Alo arrived at the camp 2 days after I left so I'm very interested in what he did. Hopefully he tore them up. I think its his third trip there so having some previous knowledge of the lake may be the ticket.
It was nice however to get out of the sauna here in Florida and enjoy some cool weather. Sure would have been nice if the fish cooperated.


----------



## ohiojmj (Apr 16, 2004)

Hey Ocala, we had a pretty good week of fishing on quantity and
poor on size. Biggest pike 25", walleye 17", smallmouth 16". We were hampered by clear/hot 95F weather and flat/hot water for most part. Surface temperature shot up to upper 80's until a midweek storm/wind
brought the big bite back for a couple days and reduced surface temps to mid 70's. On average, I say each of us four caught a dozen pike and a few
walleye/smallmouth per day. We were primarily targeting pike with my 3 teen companions and their strong desire to cast and rarely troll. We brought home a dozen pike in the 23-25" range, almost a dozen walleye, and a handfull of smallmouth. We also had 4 big fish fry dinners and two lunches so we
had enough to satisfy us. 

Our best luck came with 5-7' water near dropoff's by trolling williams wabler
spoons (hammered silver, stay very shallow), mepps #5 inline spinner (silver blade/white bucktail), and lastly bombers/floating rapalas. Of course dealing
with weed fouling was a hectic project. Casting same mepps in 4-6' of water with mix of rocks/weeds also worked well. Top action was non-existant. Best spot was in very rocky water going out of bay in front of
camp, turn right and hit right shore that had many exposed rocks/bouys and warning of danger (between big 5 gallon markers and shore). The real shallow weed beds and water near reeds were to hot and held no fish
although we usually hammer 20-30+" pike with spinnerbait 2-4' water with weeds which this time were too thick anyway due to hot year. Got a couple bigger pike and walleye past birdpoop rock in left corner of
that big section of lake near the group of cabins in 10' of water.

While 6 fish for 6 guys in a day is depressing for Canadian lake, you didn't give yourself a fair shake by leaving 2 days early. There will always be a few poor days unless you hit it lucky like my '03 trip to Ronoda. I went to Lake Mistinikon, ONT (about 1 hour west of route 11 on route 65 out of new liskard) in late May and had tough fishing (hot/sunny/flat water), but stayed til the end and caught five large 5# walleye and one pike about 30" in a matter of an hour, friday night 10:30 pm......it takes a few days minimum to get somewhat familiar with a new lake and find fish and their favorite flavor of lure..plus a few days of no bite and a few good days....
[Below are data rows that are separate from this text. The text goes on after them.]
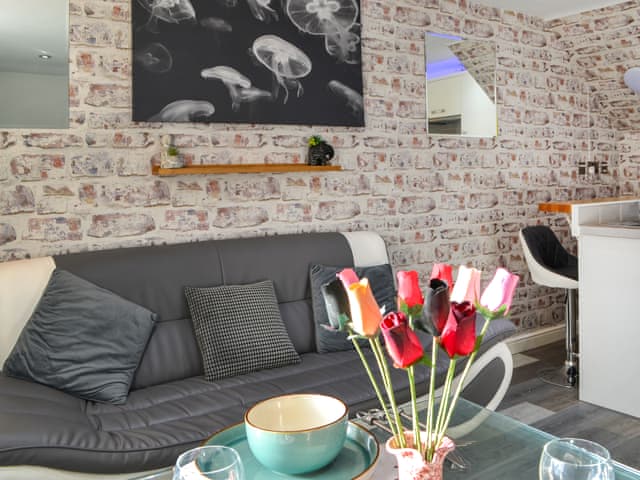 Open plan living space | Holly&rsquo;s Apartment, Beverley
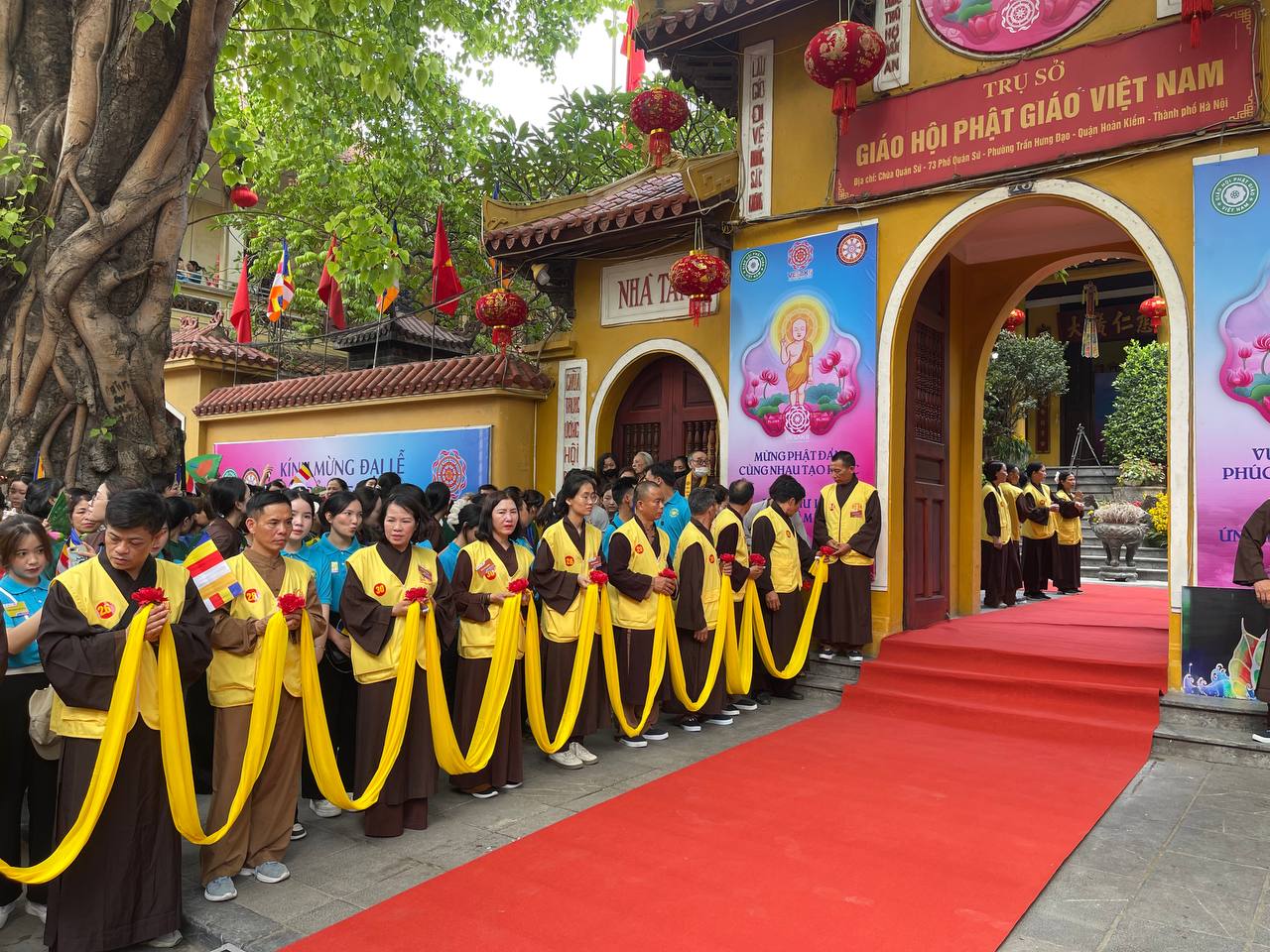 Toàn cảnh ngày rước xá lợi Phật về Chùa Quán Sứ ở Hà Nội- Ảnh 61.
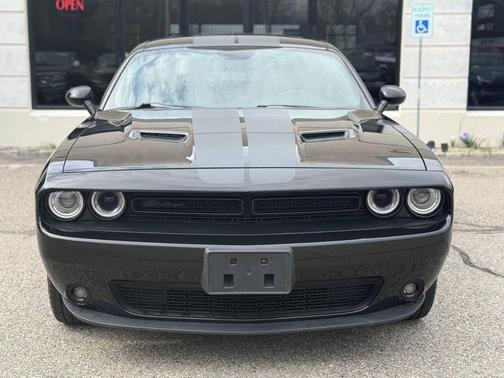Pitch Black Clearcoat 2019 Dodge Challenger SXT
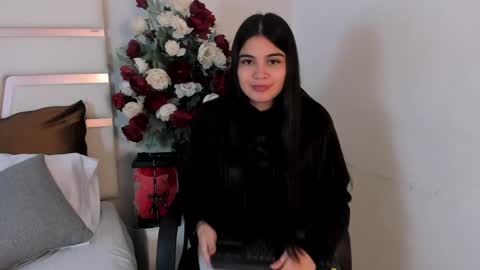 Snapshot of camilasofiia chatting on 03-12-25, 03:02 Camila online show from 03-12-25, 03:02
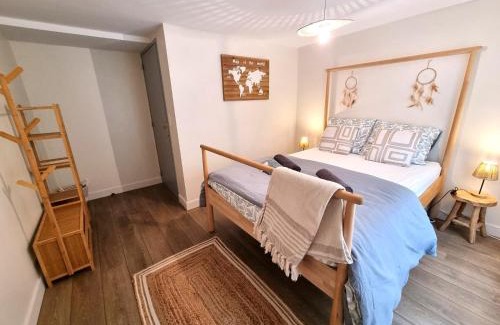 Sedan Apartment | Triplex bohème près du Château à Sedan, idéal 2 couples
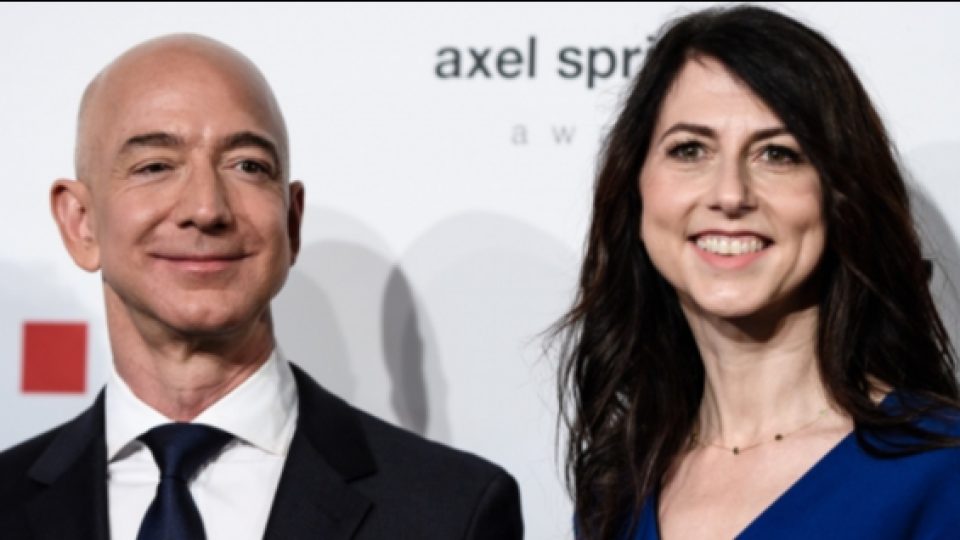Orang Terkaya di Dunia, Jeff Bezos, Bercerai dengan Istrinya Setelah 25 Tahun Pernikahan
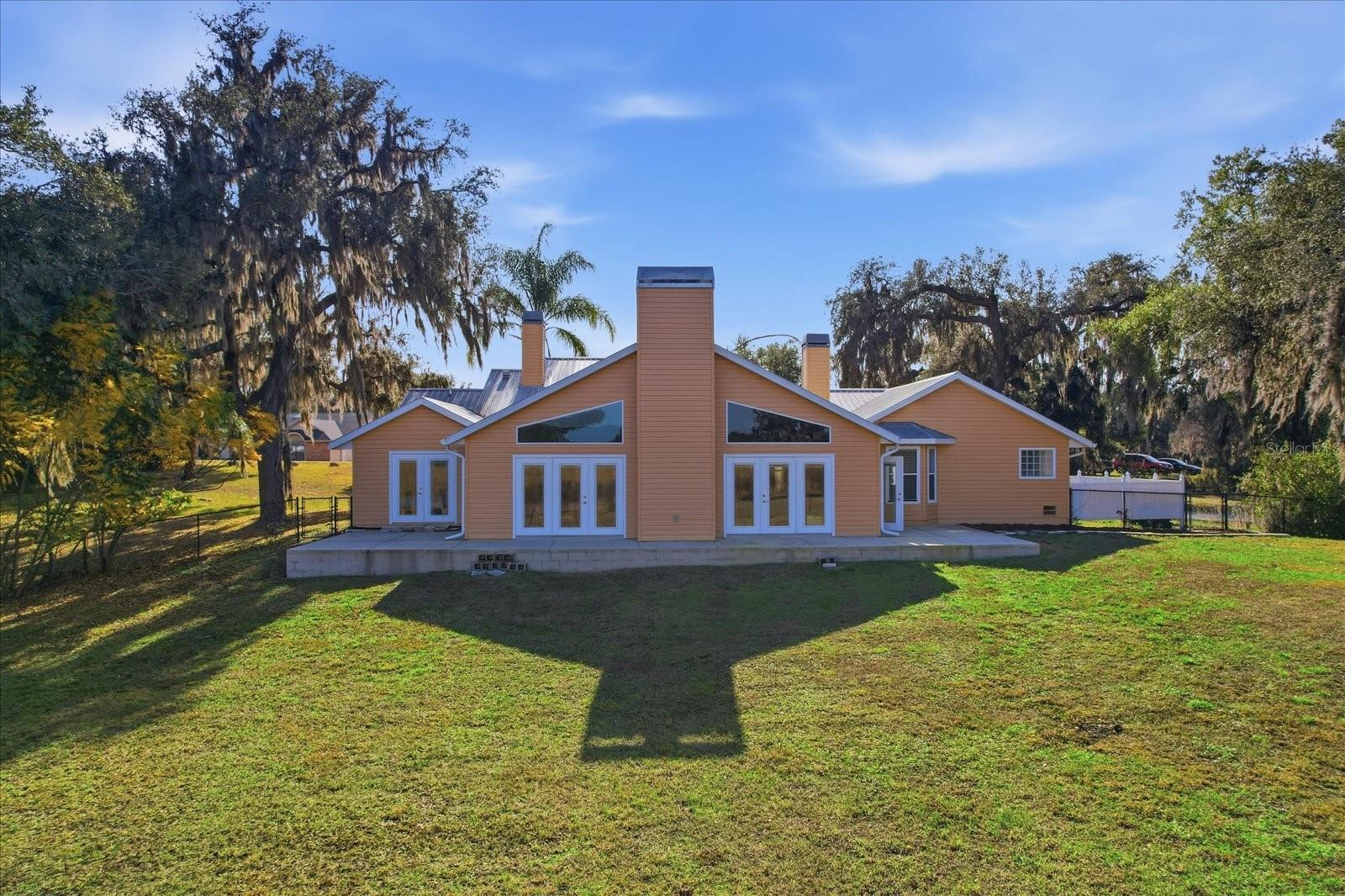 Image 41 of 44 For 8921 Sweetwater Drive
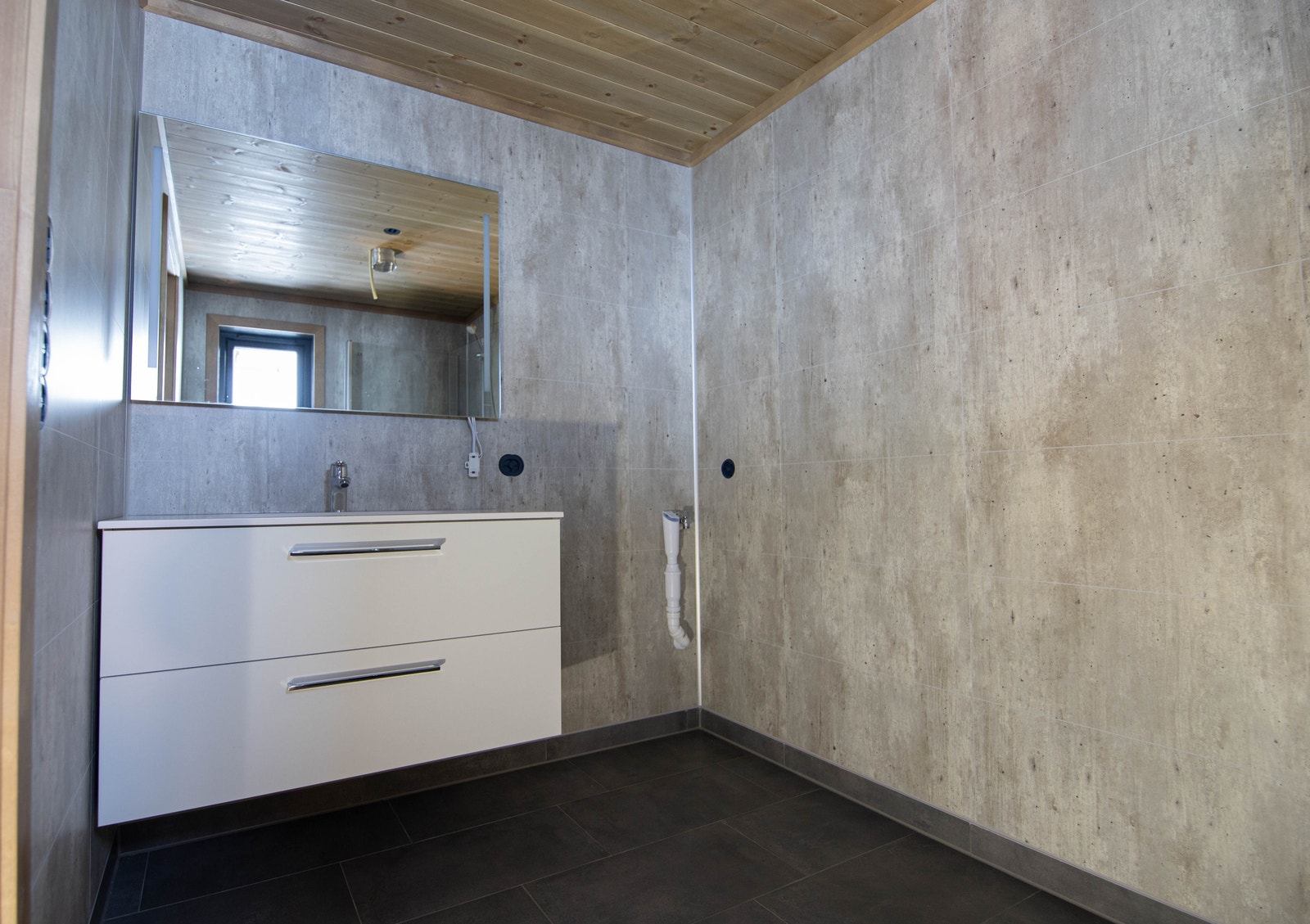 WC/dusjbad 1. etg. Galleribilde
You didn't mention your fishing methods but would offer sugestions if you care to venture up to Canada for another trip. Lake Remigny is packed with fish, don't give it up...Glenn has nice camp (www.Camps Ronoda) on a great lake...just add some chop, some wind, some clouds, some rain, etc. to kick of a feed bag....not to mention the right lure of the day or week and location.


----------



## ARGEE (Apr 5, 2004)

This Is 1 Reason Why Canada Fishing Anymore Stinks..stay Home An Fish Erie

They Love Our Money Up There An Thats It..everyone That Goes North Of The Border Is Wasting Their Money.....the Only Way That Fishing Is Any Good Up There Is To Take A Trip To An Only Fly In Lodge..they Have Catch An Release Only..fish Up There Grow About 1 Inch A Yr....it Takes At Least 2 Grand An Up For A Fly In Lodge..i Did One Yrs Ago..ok Now You Guys Can Tell Me Im Wrong..lol...


----------



## ohiojmj (Apr 16, 2004)

I know many who drive 500-700 miles, spend $500-$700 for a cabin per week (modest priced lodging), and catch a ton of fish in Canada. If you expect to catch a boat-load each and every trip or to read posts about daily limits into eternity, you need to stop burning the wacky rope. I admire the many honest posts on OGF which include a heck of lot of "bust" trips on Lake Erie as well as on most any other lake in US or Canada. I personally believe the fishing is a lot tougher on Erie for many people including myself.

My two boys dream of our annual trek to Canada. They just want to toss mepps spinners, catch lots of (easy to catch) pike, and maybe bag a trophy fish. Smallmouth and walleye come as a bonus. We like lakes smaller than Erie because I own a 16' deep v and I could spend a week on the shore of Erie, unable to get out. We also enjoy the raw wilderness to the north and have found a great camp, camp owner, lake, and nearby town with a general store and Canadian beer.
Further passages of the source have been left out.